1Tbps? That’s impressive.
No, that’s awesome. The previous record was held by a Samsung research team and had peaked at 7.5Gbps. certainly it knocks Ofcom’s statement that it believed speeds of 50Gbps could be expected from 5G into a cocked hat and it even rather puts the 5GIC’s own December 2014 estimation of 800Gbps in the shade. Essentially it’s wireless fibreoptic.
Give me a headline statistic
How about downloading 40 HD films in a second?
Impressive. So, who’s behind this?
The 5GIC raised about £35m in funding back in 2012. A shade over £11m of that came from the UK government which, after being slightly late to the 3G and 4G parties, is determined to show up early for this one. The rest came from a consortium of mobile operators and infrastructure providers including Huawei, Samsung, Telefonica Europe, Fujitsu, and Rohde & Schwarz. Serious people with decent track records in other words.
And, er, bitter rivals?
Quite. Samsung is working to have a trial 5G network set up for the 2018 Winter Olympics, Huawei for the 2018 World Cup. But cooperation to get it all up and running seems to be the order of the day at the moment.
Any chance of being able to replicate 1Tbps in the real world?

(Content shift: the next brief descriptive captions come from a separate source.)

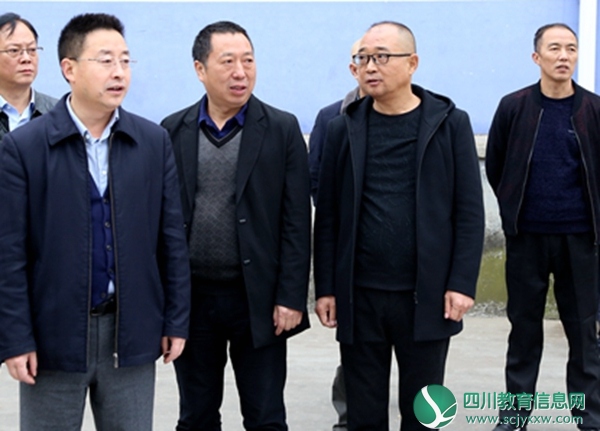 广元市旺苍县委副书记、县长余飞宇深入东河镇四川五峰省粮食储备库、嘉川镇太平村、柳溪乡狮坪村调研指导当前重点工作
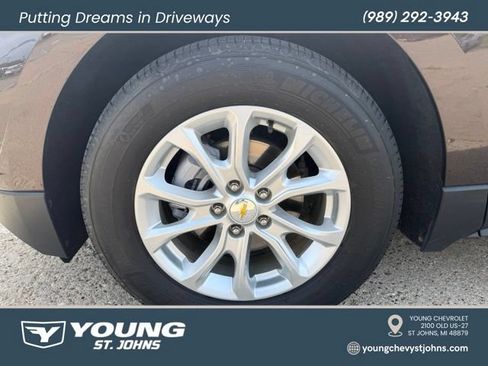 Used 2020 Chevrolet Equinox LT w/ Driver Convenience Package FWD image 9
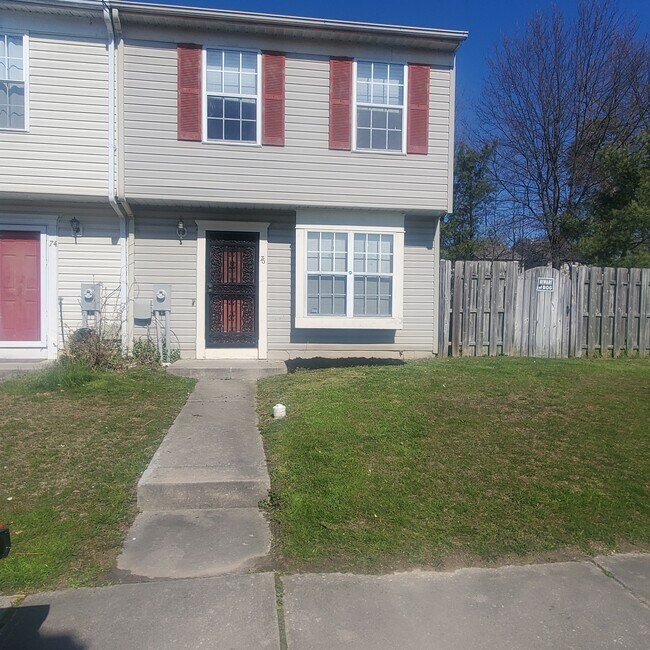 Front - 76 Chelmsford Ct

The signal was TXed over 100m under lab conditions and the Surrey department says that it has developed — and presumably patented fairly quickly — 10 ‘breakthrough technologies’ to enable them to do it. Expect a public showing around 2018 if it all sticks to schedule. But networks being networks and geography being geography, probably not. All the same, it’s going to be quick: very quick.
So, where can I find the 5G standard?
Ah, there isn’t one as yet. There are lots of recommendations and even lots of investment, but not even an actual fixed definition of what 5G will be as yet. To go beyond the current soup of 4G standards though it needs to have faster data rates, accept more connections, and be more reliable both in terms of coverage areas and signal drop out. For a truly mobile internet and such futuristic goodies as remote controlled delivery drones, driverless car networkers etc etc, latency also needs to be reduced to the sub millisecond point.

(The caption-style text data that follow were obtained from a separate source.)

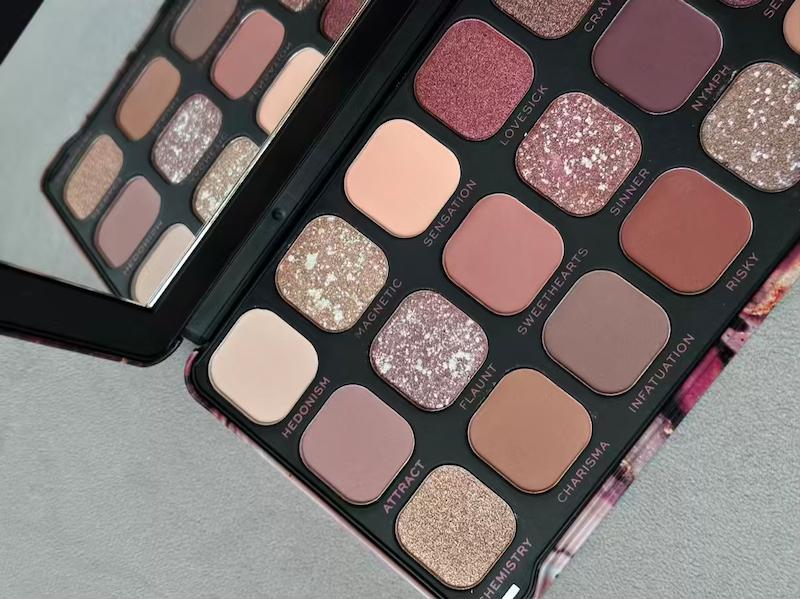 پالت سایه رولوشن مدل Forever Flawless Allure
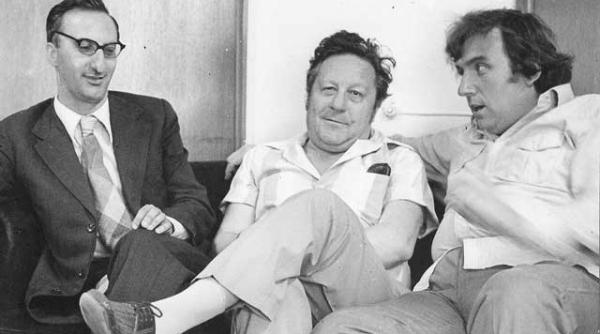 viata lui adrian paunescu povestita de andrei paunescu intre sedinta de partid de la contemporanul si observatorul astronomic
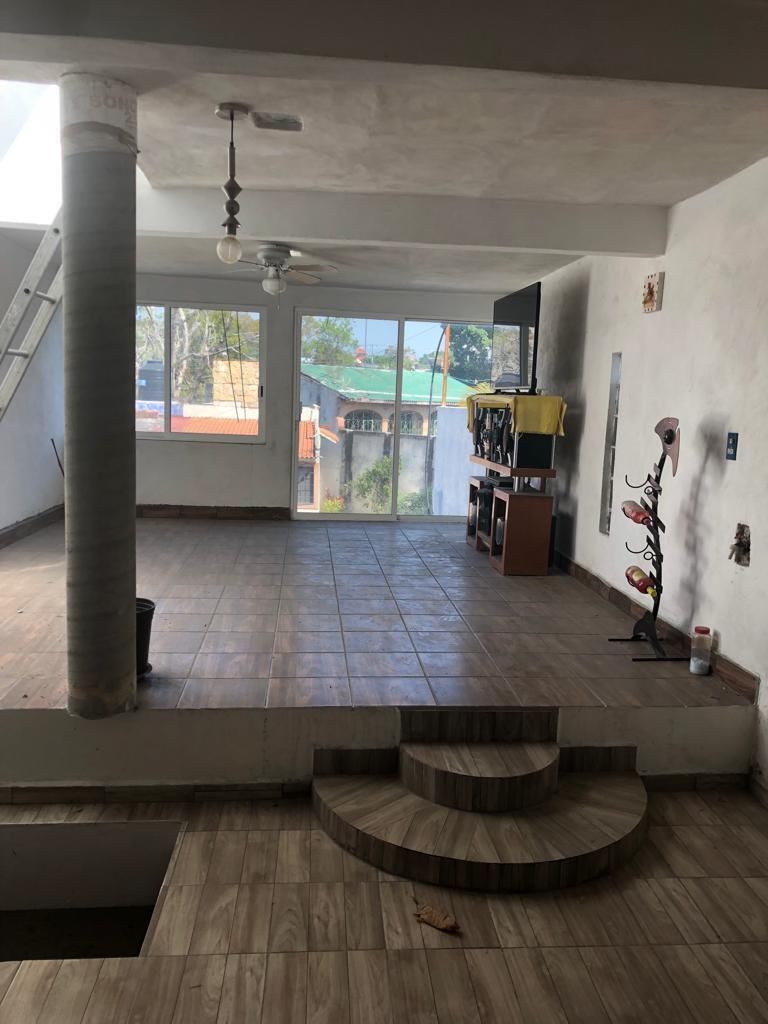 1 of 11: Sala y comedor.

Sign me up! If Amazon want me I’ll be on the M4. When will all this happen?
The theory goes that a new mobile technology generation — hence the ‘G’ — appears roughly every decade after a gestation period of, again, roughly a decade. 4G was standardised in 2012 eleven years after 3G first appeared, so 2020 is the best guess at the moment. But sooner is theoretically possible in a limited city centre fashion. Indeed, watch out for a raft of headline grabbing 5G demonstrations at next months’ Mobile World Congress. And Huawei is already talking about a 4.5G network that will stream 2K movies (which, entertainingly, we already think is a bit passé).
And 6G? Is this another 4K/8K thing?
It seems not. Professor Rahim Tafazolli who heads up the Surrey unit reckons that 6G will break the generation per decade cycle and not arrive until 2040. Presumably, by which time, we are talking genuine AI networks and it will dictate its own terms before it emerges blinking into the cybersphere to run our lives.